Manhattan_Times_News.png By Gregg McQueen

It’s a trucking nightmare.

Uptown residents and elected officials are riled up over a city-owned site that the Department of Transportation (DOT) recently transformed into a maintenance truck lot.

The lot, located at 672 West 158th Street near the West Side Highway, was previously the home of “Safety City,” a fenced-in replication of city intersections used to teach school children about traffic safety.

Locals say that the site was repurposed by DOT in March as a truck parking facility, which is disturbing nearby residents with noise and fumes as early as 4:30 a.m.

“The trucks start up early in the morning,” said Henry Brockington, who lives next to the lot. “There’s fumes, noise, traffic, everything is worse since they started putting trucks in here.”
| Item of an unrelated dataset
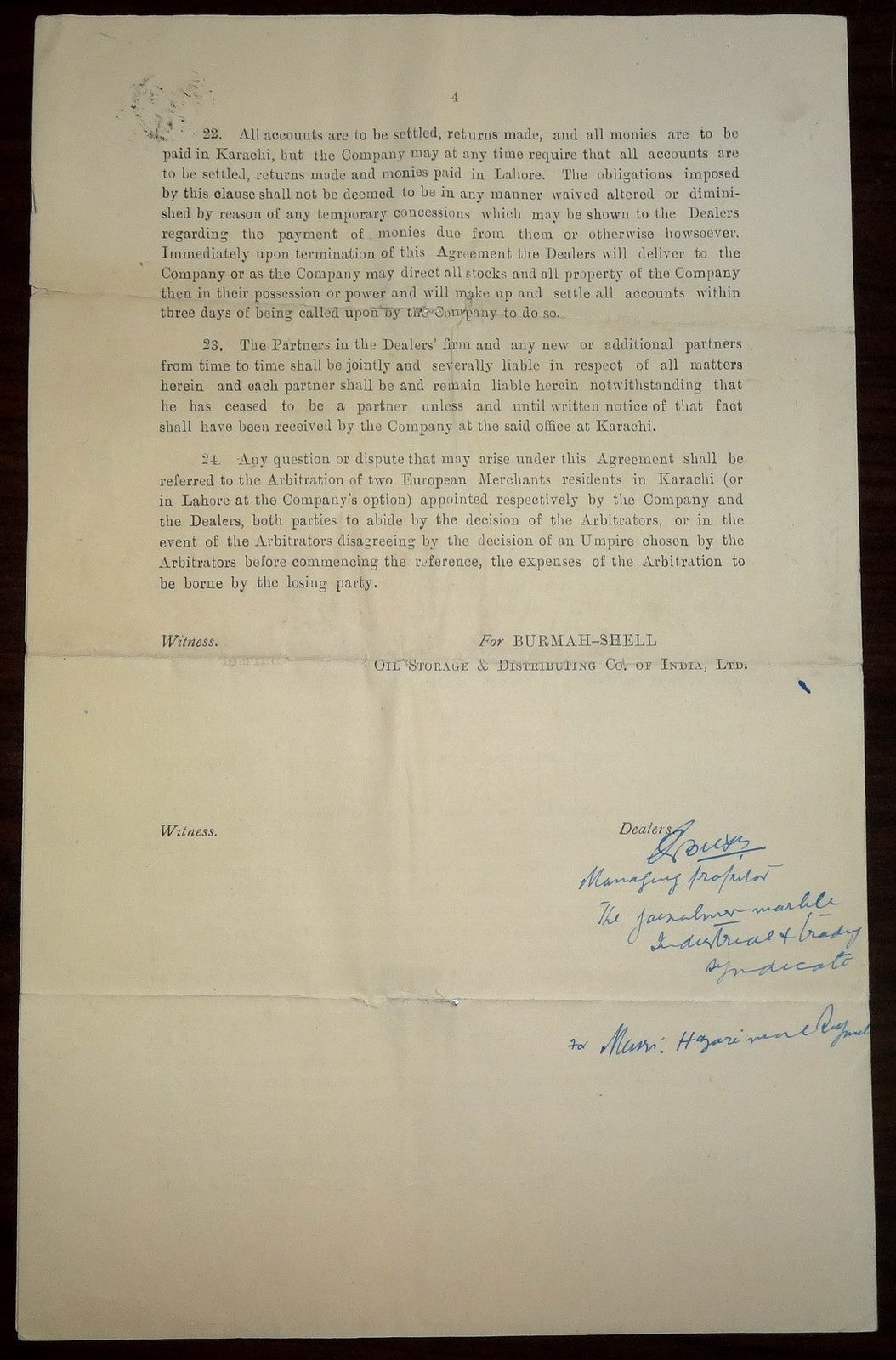 India KGV Sp Adh on Share Transfer 1R unrecorded by Barefoot or Mollah 1929 doc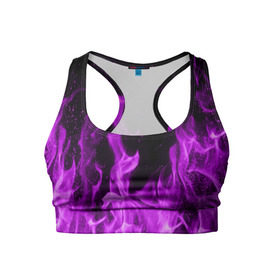 Женский спортивный топ 3D с принтом Фиолетовый огонь , 82% полиэстер, 18% спандекс Ткань безопасна для здоровья, позволяет коже дышать, не мнется и не растягивается |  | Тематика изображения на принте: лиловый | пламя | яркий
April Ellis, who lives across the street, said she is concerned for her two young sons due to increased truck traffic.

“It’s a very heavily-trafficked street as it is,” said Ellis, who voiced concern that the trucks endanger families attempting to access a nearby park. “To add to that, I think it’s too much.”

“[It’s] disrupting local life in the midst of a densely populated area,” said City Councilmember Mark Levine at a May 23 press conference next to the lot.

In February, Levine and Manhattan Borough President Gale Brewer first stood at the site, then used as Safety City, and called on the de Blasio administration to use the lot to build affordable housing.

They said Safety City was “dramatically underused” and suggested that as many as 200 low-income families could be housed at the site.

At the time, DOT responded that Safety City was “a critical tool” in “carrying out the agency’s core mission” and educating more than 6,000 children annually on pedestrian safety.

On May 23, Levine and Brewer ripped the agency for changing the use of the site after insisting that Safety City was too important for the lot to be repurposed for affordable housing.

“The DOT told us, in no uncertain terms, it had to be used for training, they told us they needed every square inch of this property,” Levine said. “This is unacceptable, and we are here to call out DOT for this disingenuous policy making.”

“This was really sneaky. Very, very sneaky, and really wrong of a city agency,” remarked Brewer.

She suggested that the repurposing was a response by DOT to complaints that the site was underused, and chided the agency for not listening to resident concerns.

“You need to have a discussion about what the community wants. You may agree or disagree, but you sure need to have a conversation,” Brewer stated.

“The whole issue of not having community input is very, very important,” said Leonora Nelson, who has lived in the neighborhood since 1954. “We cannot continue to feel that we’re being left outside of the loop.”

In an email to Manhattan Times, DOT spokeswoman Alana Morales explained that the 158th Street lot was repurposed due to a priority need involving pedestrian ramp repairs, and said that elected officials and the Community Board were informed of the change.

“The trucks start up early in the morning,” said Henry Brockington, who lives next to the lot.

“It is now a facility to base DOT crews that help install Vision Zero Street Improvement Projects (SIPs) and perform critical pedestrian ramp upgrades,” Morales wrote. “Crews set out to conduct this vital safety work early in the day and we are taking measures to mitigate noise resulting from these mobilizations.”

“Our SIP work is making an impact with fatalities on a continued decline and 2017 being the safest year on record,” Morales added. “Our pedestrian ramp repair efforts are highly prioritized in the upcoming budget with well over $100 million in annual funding and hundreds of additional employees allocated for this work, which will include assessing over 300,000 pedestrian ramp locations across our complex street network.”

During the press conference, the DOT lot contained several parked trucks but displayed little activity, which Levine dubbed “a show” staged by the DOT to make the site seem less intrusive for the media.

“This is far fewer trucks than usual. They knew about this press conference. They tried to make it look low-impact,” he said. “No show during a press conference is going to fool the community.”